-- Exercise --
For the listing below, print exactly the lines from the line with "돌멩이,바다,그림자,물,빛" to the line with "Neocrania bifasciata", both included, and nothing beyond them.

-- Data to examine --
* * * *

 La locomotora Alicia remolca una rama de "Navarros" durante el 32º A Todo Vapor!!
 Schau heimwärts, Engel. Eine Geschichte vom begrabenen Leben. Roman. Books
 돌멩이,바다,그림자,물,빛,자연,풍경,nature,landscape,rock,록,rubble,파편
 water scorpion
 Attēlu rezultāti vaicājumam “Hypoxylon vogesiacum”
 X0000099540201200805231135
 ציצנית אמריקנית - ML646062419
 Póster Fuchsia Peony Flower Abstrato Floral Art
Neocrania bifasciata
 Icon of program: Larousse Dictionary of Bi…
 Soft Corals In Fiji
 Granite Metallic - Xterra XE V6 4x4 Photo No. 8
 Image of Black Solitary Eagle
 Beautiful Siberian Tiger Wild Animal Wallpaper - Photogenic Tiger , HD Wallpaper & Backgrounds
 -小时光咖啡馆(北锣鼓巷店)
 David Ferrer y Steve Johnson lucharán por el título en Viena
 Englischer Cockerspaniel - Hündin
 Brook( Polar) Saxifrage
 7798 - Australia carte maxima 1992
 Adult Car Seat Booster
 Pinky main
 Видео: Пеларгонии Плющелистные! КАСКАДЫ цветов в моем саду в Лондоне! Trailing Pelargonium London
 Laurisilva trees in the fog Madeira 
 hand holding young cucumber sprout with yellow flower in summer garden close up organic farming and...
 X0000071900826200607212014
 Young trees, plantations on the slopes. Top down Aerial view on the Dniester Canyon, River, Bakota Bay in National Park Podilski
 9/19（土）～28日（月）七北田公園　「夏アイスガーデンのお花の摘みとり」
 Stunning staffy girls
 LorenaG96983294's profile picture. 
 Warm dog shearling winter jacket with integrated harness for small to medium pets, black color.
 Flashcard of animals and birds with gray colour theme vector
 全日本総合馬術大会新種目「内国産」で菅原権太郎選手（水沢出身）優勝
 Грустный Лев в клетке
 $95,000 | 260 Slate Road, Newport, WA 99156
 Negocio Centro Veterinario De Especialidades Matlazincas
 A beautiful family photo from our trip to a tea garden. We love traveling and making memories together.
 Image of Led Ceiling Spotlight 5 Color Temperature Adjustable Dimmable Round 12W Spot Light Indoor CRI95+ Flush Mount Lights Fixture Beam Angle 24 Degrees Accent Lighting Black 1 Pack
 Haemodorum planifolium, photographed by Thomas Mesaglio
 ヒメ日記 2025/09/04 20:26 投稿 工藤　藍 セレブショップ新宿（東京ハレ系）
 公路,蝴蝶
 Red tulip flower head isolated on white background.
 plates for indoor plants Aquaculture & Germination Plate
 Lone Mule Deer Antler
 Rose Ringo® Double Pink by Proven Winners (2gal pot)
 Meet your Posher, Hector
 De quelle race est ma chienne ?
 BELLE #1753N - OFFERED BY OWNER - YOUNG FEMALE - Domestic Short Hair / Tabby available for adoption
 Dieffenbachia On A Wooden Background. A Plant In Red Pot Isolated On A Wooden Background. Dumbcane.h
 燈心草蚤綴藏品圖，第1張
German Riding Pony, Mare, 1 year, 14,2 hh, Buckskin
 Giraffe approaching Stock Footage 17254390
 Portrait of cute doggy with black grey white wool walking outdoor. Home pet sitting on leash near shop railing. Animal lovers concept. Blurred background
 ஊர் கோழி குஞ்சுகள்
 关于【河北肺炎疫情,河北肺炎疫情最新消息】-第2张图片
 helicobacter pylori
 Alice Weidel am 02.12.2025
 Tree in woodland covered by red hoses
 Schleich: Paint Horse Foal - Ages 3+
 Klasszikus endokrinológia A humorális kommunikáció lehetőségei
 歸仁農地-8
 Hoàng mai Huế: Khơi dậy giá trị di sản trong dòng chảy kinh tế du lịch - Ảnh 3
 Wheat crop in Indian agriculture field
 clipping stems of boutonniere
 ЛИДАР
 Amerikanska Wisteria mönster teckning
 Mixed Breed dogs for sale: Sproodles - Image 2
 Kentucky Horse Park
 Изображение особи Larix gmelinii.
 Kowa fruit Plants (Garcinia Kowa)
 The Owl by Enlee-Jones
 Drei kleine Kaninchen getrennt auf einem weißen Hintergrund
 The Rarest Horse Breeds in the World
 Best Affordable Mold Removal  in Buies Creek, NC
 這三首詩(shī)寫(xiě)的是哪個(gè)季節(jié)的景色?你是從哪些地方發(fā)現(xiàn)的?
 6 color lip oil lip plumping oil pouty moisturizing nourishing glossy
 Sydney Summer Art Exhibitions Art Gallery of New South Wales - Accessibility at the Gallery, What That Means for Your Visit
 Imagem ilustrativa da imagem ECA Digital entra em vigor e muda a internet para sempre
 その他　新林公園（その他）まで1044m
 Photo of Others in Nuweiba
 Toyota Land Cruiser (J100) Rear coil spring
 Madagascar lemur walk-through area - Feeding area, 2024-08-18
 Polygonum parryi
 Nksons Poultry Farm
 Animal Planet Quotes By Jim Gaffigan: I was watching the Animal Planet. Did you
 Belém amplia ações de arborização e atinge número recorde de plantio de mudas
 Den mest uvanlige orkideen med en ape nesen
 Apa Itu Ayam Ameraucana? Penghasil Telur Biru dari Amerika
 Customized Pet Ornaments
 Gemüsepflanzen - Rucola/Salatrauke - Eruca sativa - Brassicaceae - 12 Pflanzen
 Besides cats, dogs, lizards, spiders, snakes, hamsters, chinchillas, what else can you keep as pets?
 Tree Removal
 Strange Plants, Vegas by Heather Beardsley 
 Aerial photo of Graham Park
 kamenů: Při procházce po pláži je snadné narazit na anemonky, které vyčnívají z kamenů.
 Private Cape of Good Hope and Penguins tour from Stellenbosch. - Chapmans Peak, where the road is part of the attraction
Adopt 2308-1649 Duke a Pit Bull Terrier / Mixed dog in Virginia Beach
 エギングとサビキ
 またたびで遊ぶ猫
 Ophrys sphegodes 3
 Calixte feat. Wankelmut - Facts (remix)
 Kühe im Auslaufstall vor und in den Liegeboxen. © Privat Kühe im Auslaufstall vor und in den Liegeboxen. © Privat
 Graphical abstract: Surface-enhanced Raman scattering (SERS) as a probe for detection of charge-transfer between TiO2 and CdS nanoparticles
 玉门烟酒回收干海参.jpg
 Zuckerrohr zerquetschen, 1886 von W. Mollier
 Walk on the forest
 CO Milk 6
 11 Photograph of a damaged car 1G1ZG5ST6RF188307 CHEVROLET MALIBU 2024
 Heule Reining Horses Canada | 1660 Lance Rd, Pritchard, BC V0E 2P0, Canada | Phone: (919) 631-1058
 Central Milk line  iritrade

* * * *

-- Result for this exercise --
 돌멩이,바다,그림자,물,빛,자연,풍경,nature,landscape,rock,록,rubble,파편
 water scorpion
 Attēlu rezultāti vaicājumam “Hypoxylon vogesiacum”
 X0000099540201200805231135
 ציצנית אמריקנית - ML646062419
 Póster Fuchsia Peony Flower Abstrato Floral Art
Neocrania bifasciata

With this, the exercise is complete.